The Ministry of National Defense said it chose the rural county of Seongju to “more firmly protect one-half to two-thirds” of the country’s population as well as nuclear power plants, oil storage facilities and other infrastructure.
Last week’s decision to deploy the Terminal High-Altitude Area Defense system, known as THAAD, on the divided peninsula has angered Pyongyang and China. It also has become a political issue in the South amid fears the system will harm the economy, the environment and nearby residents’ health.
Washington and Seoul announced the agreement on Friday but said a joint working group was still deciding where THAAD would be stationed. Talks on the issue began in February after North Korea staged its fourth nuclear test, followed by the launch of a long-range rocket.
“The increased North Korean nuclear and missile threat is an issue directly related to the survival of the nation and our people,” Yoo Jeh-Seung, the ministry’s deputy minister for policy, told reporters.
He added that the site, about 170 miles southeast of Seoul, was chosen based on comparative studies, on-site inspections and simulations in a bid to maximize military effectiveness while ensuring the safety of the local population.
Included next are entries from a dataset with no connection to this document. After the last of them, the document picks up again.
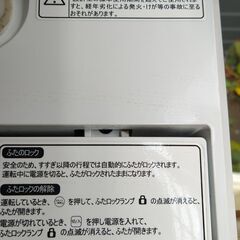 洗濯機さしあげます！の画像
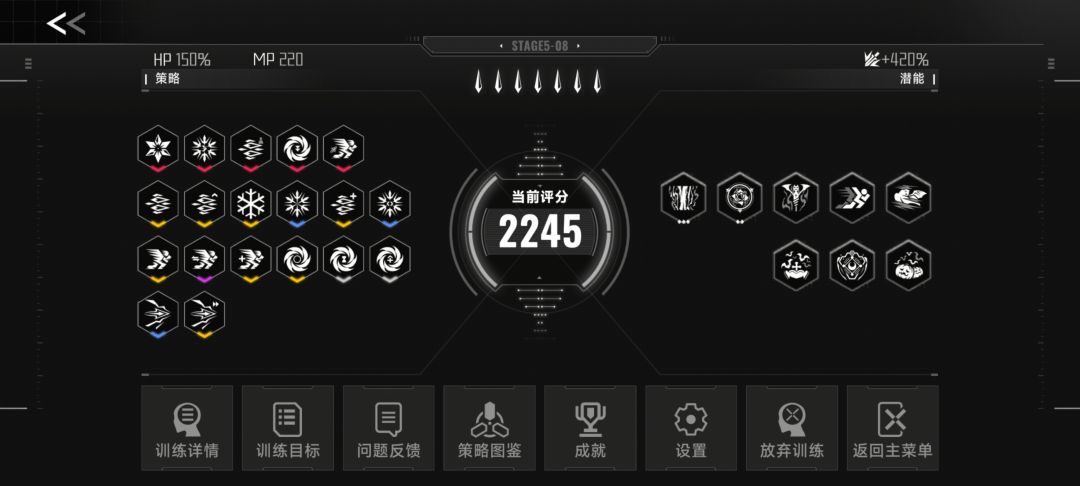 担架 2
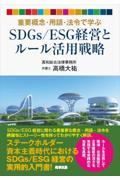 重要概念・用語・法令で学ぶＳＤＧｓ／ＥＳＧ経営とルール活用戦略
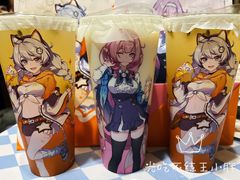 -CoCo都可(搜秀城店)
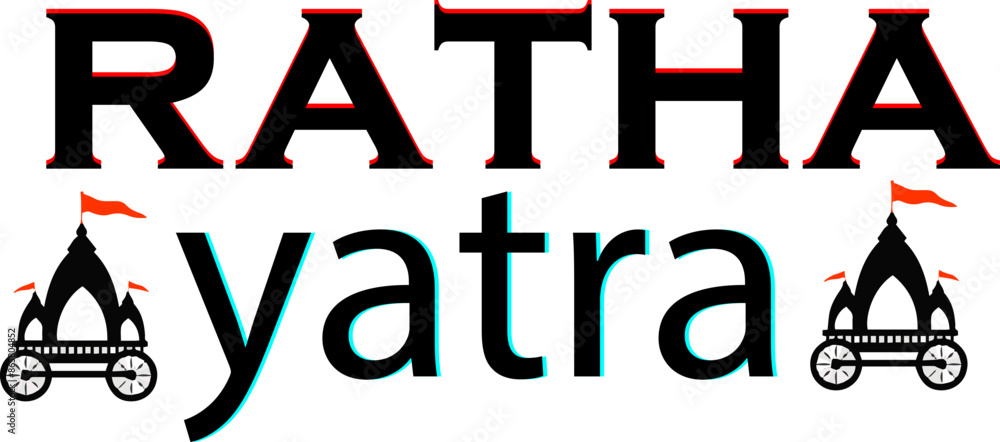 Shree Jaganath Ratha Yatra Calligraphy Vector Image Shree Jaganath Ratha Yatra Calligraphy Vector Image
That was a nod to growing anger among South Koreans worried the system will have negative effects.
Even before the official announcement, thousands of people took to the streets in Seongju, a town of some 45,000 people that is well-known for the Asian melons grown in the area. Protesters demanded that the system not be placed in their community and burned an effigy of a North Korean Musudan rocket. Local leaders wrote letters of complaint in blood.
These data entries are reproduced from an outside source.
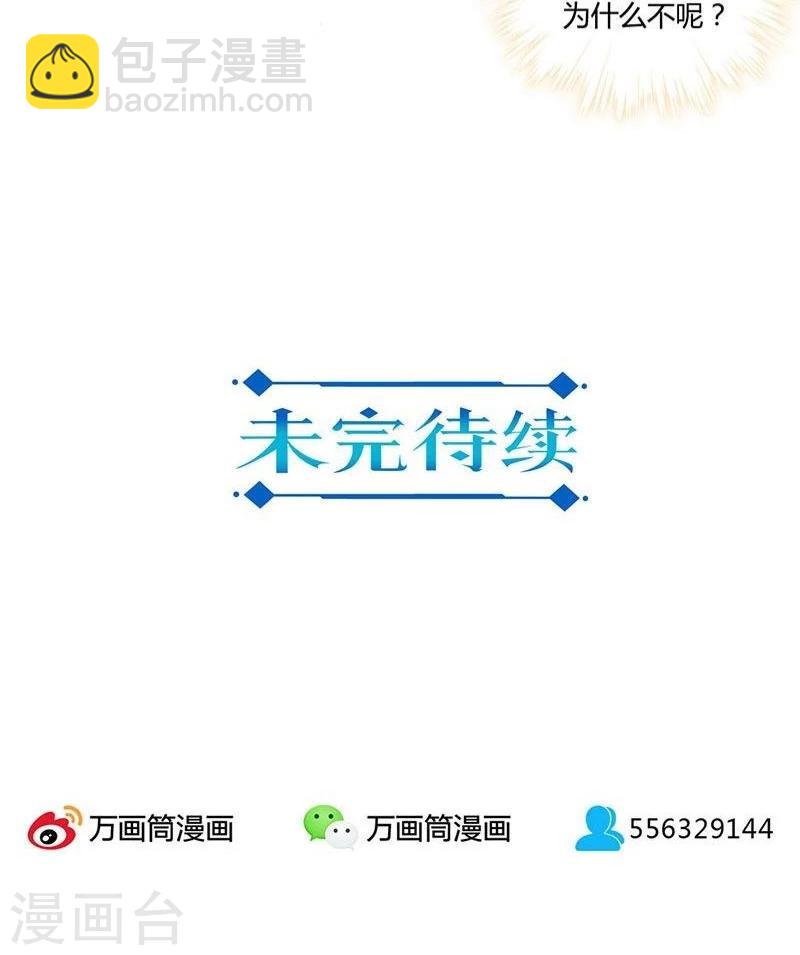 第86话33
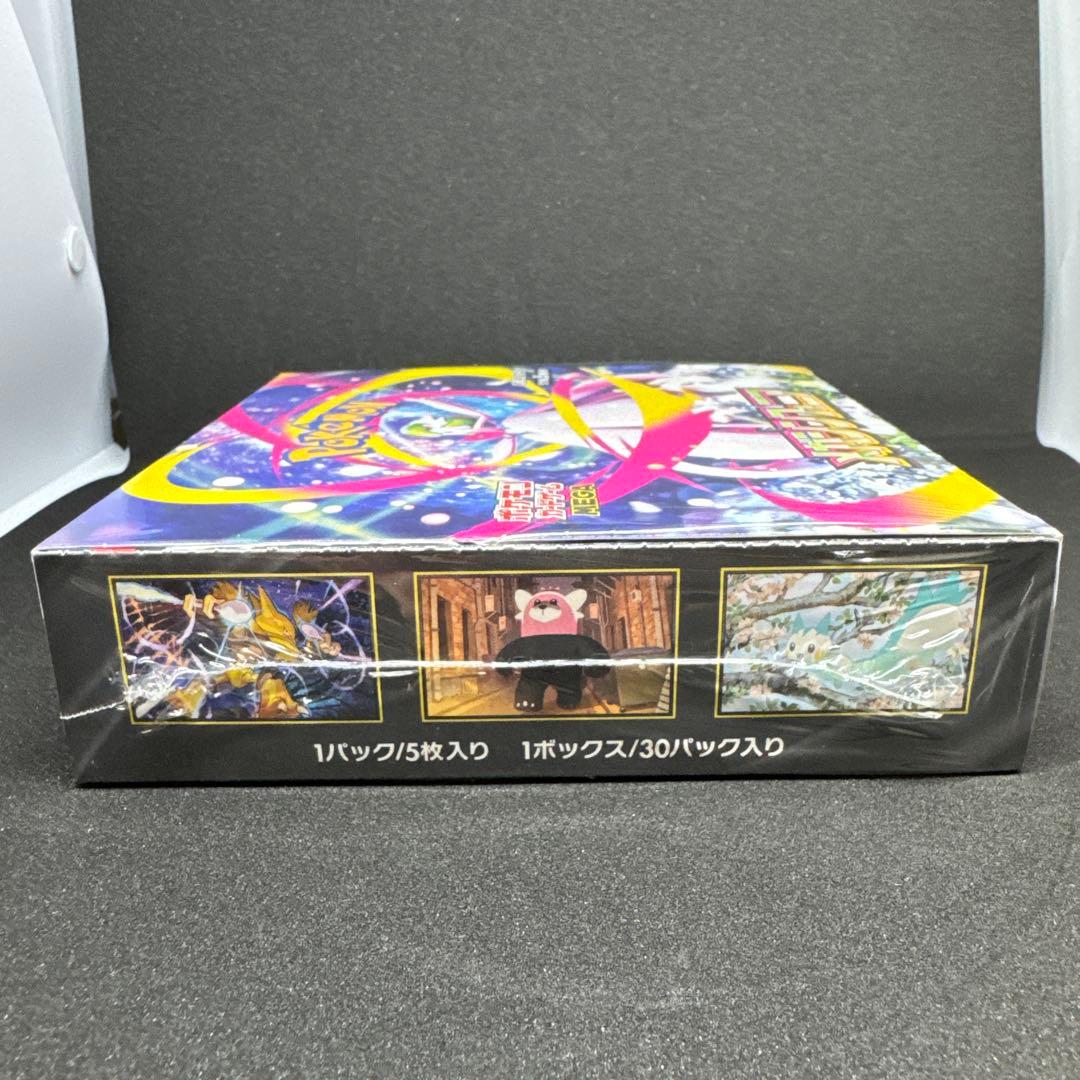 【新品未開封】ポケモンカードゲーム メガシンフォニアBOX【シュリンク付き】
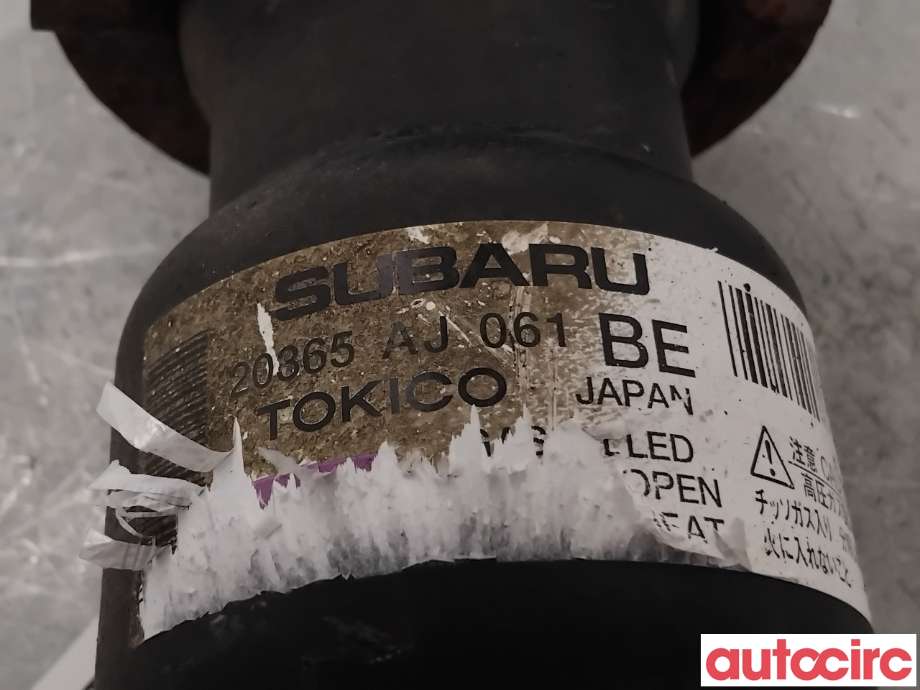 Fjærbein høyre bak til Subaru Outback 2009-2014 (Type IV)  (SUBARU|20365AJ061|)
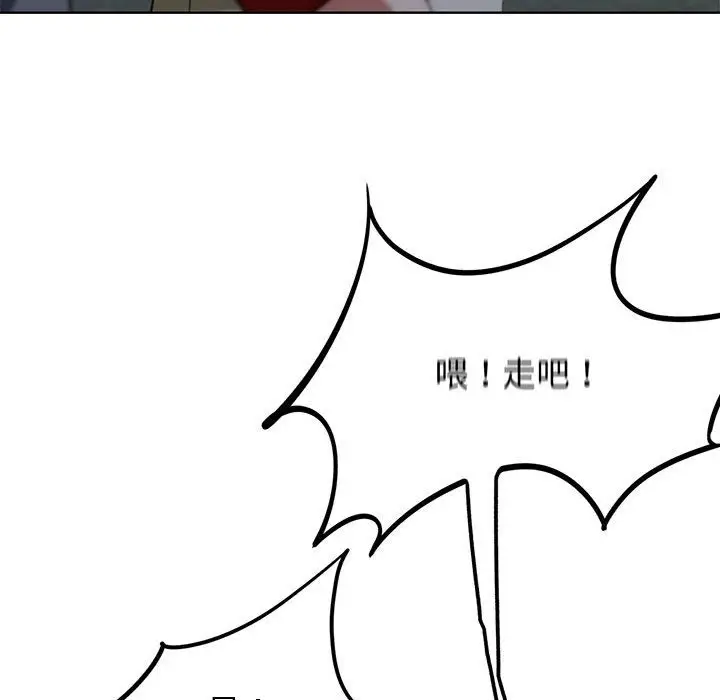 漫画《危险同学会》第35话第62张图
The chosen area is home to a South Korean air defense artillery unit at the village of Seongsan, which has an elevation of 1,312 feet and is nearly a mile from Seongju, said the South’s Yonhap news agency.
Analysts said the choice was strategic because it would provide protection for key South Korean and U.S. bases, including Camp Humphreys, which is the site of the future new headquarters for U.S. Forces Korea after the Army shifts its operations away from the capital, Seoul.
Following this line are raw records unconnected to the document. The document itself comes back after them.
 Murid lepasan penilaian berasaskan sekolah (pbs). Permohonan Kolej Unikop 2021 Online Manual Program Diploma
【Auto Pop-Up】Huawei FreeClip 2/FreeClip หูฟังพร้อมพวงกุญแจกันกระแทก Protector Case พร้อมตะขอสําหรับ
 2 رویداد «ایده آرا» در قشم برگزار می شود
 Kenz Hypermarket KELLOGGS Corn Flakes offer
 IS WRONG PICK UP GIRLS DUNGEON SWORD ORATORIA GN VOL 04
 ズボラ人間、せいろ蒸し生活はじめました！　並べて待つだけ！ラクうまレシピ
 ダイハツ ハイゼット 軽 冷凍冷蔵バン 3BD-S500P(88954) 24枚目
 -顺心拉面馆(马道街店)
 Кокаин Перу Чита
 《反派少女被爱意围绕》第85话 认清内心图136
“It’s the southern limit,” said Yang Uk, a senior research fellow at the Korea Defense and Security Forum. “If you go farther south … the big bases won’t be covered by THAAD.”
About 28,500 U.S. servicemembers are stationed in South Korea, which remains technically at war with the North after the 1950-53 conflict ended with an armistice instead of a peace treaty.
The area also is out of reach of North Korea’s long-range, multiple-launch rocket systems.
THAAD is designed to defend against short- and medium-range ballistic missiles by intercepting them high in the atmosphere, or above it. The United States already has a THAAD system in Guam.
Yoo acknowledged that the Seongju location would not give it the reach to protect Seoul but said the military plans to increase the deployment of its own Patriot missile interceptors in the capital area, Yonhap reported.
South Korean media also reported the choice was made to place the system as far as possible from China, which objects to the THAAD deployment because it fears the U.S. could use the system’s radar to track its own military moves.
South Korean and U.S. officials have insisted the system will be used only for defense against North Korea. Despite a new round of tough U.N. sanctions, North Korea has defiantly conducted several missile tests in recent months.
North Korea threatened earlier this week to retaliate for THAAD with a “physical counter-action … from the moment its location and place have been confirmed in South Korea.”
Pyongyang also said it will close the only communication channel it has with the U.S. via its United Nations office to protest new sanctions that were slapped on leader Kim Jong Un last week.